It's a standard blood test that screens for the Human Immunodeficiency Virus, or HIV which can lead to AIDS if not treated.
In 1993 it was a test just like this that changed Marama Mullen's life forever, when it revealed she was HIV positive.
"I thought it was the end of my life," Mullen said. "I thought that I'd never find love, never have children.
"They said you won't have children... so that was more devastating in a way. I always dreamed of a fantasy home, children, partner and a white picket fence. So to me that was destroyed instantly and I had no idea what I was going to do."
Mullen was just 22 years old but 25 years later a lot has changed. Her HIV is controlled by daily medication which keeps her alive, and means the virus has not been detected in her blood for the last 18 years.
But the same progress hasn't been made with the stigma associated with the disease.
Caroline Wharry is an HIV specialist at Hamilton's sexual health clinic and says even today it is unfortunate that she has to warn newly diagnosed clients to be careful who they tell.
"I would love tell my new patients to go home and tell everyone you've got HIV," Wharry said. "And that people would treat you no different, give you a hug like they would if you had cancer. Unfortunately we're not there yet, but any education out there about HIV has got to be a good thing."
Her message is that HIV is no longer the death sentence it used to be - if those who are diagnosed have access to medication.
"It has a huge ripple effect. You teach ten people in a room, they think 'oh HIV is not what it used to be' because if people are not re-educated, they never have any idea."
A recent Colmar Brunton survey shows there's still a long way to go to 're-educate' New Zealanders about HIV.
Commisioned by the AIDS Foundation, the survey shows 38% of Kiwis would be uncomfortable having an HIV positive flatmate, 46% would be uncomfortable letting their child play with an HIV positive child, and 88% would be uncomfortable having a sexual relationship with someone with a positive status.
A global movement called U=U aims to change that with the message that anyone on treatment for more than six months can't transmit the virus.
Marama Mullen's story has a happy ending.
"Yes, I did end up having my dream children, and living the life I wanted to live. But now because I live with the virus they live with it as well, even though they are HIV negative they live with the stigma and discrimination that comes with it."
The continuing lack of awareness about HIV is why Mullen keeps pushing for change.
"Yes, I'm the accidental HIV activist.," she said. "I have a lot of passion around people suffering injustice and human rights, and we see that with HIV people - regardless of sexuality, of gender."
Women tend not to be seen as a risk for HIV because it is known as a gay man's disease. But Mullen says women are at risk, especially indigenous women.

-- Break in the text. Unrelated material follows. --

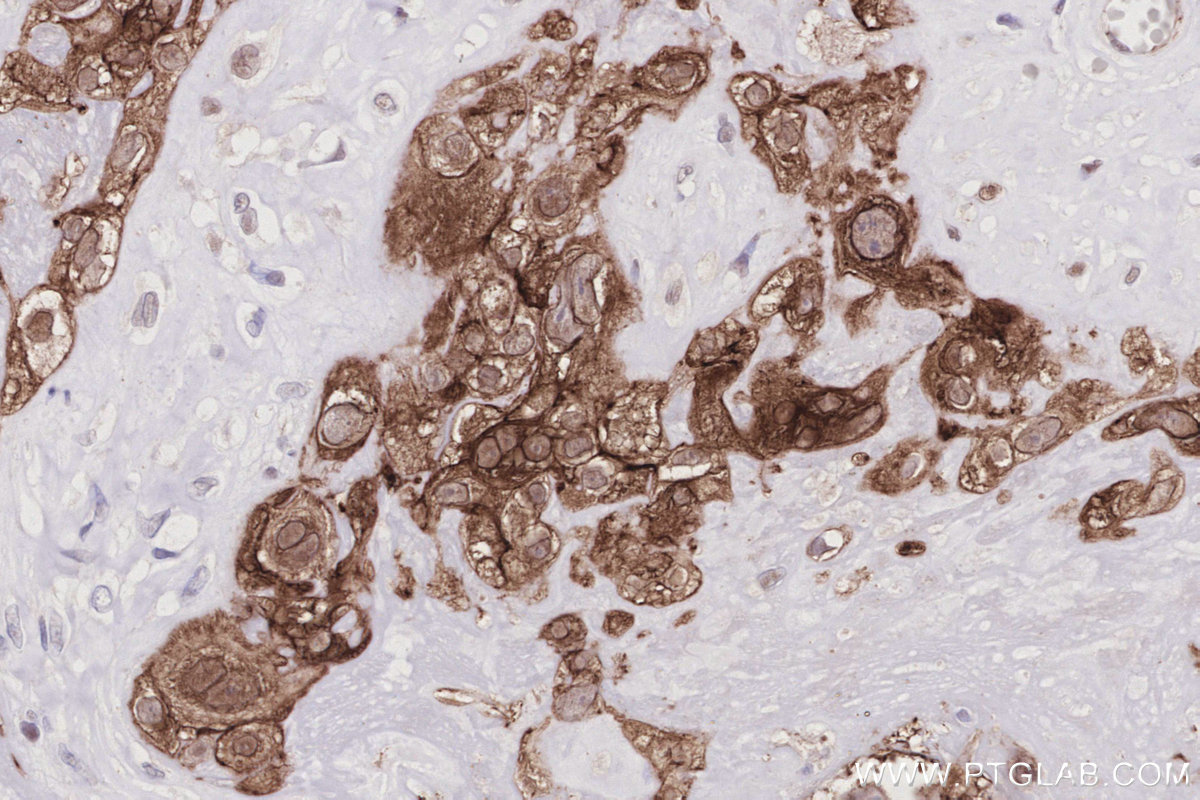 IHC staining of human placenta using 83111-4-RR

"In New Zealand, women may present in the hospital with AIDS-related illnesses but because there's not enough knowledge about HIV they get misdiagnosed. Children have been misdiagnosed and that's a concern too.
"We still have deaths. There not enough knowledge in the general practice of our GPs and doctors on what could be an AIDS-related illness or an HIV symptom."
Three thousand five hundred women and men are estimated to be living with HIV in Aotearoa. Around 500 of those may not even know they carry the virus.
Knowing your HIV status is one of the messages for World Aids Day today, 1 December.
For Mullen, it's a day to remember those who werent diagnosed in time.
"It's all about remembering the ones that have died. How do we honour the people who have died of AIDS?"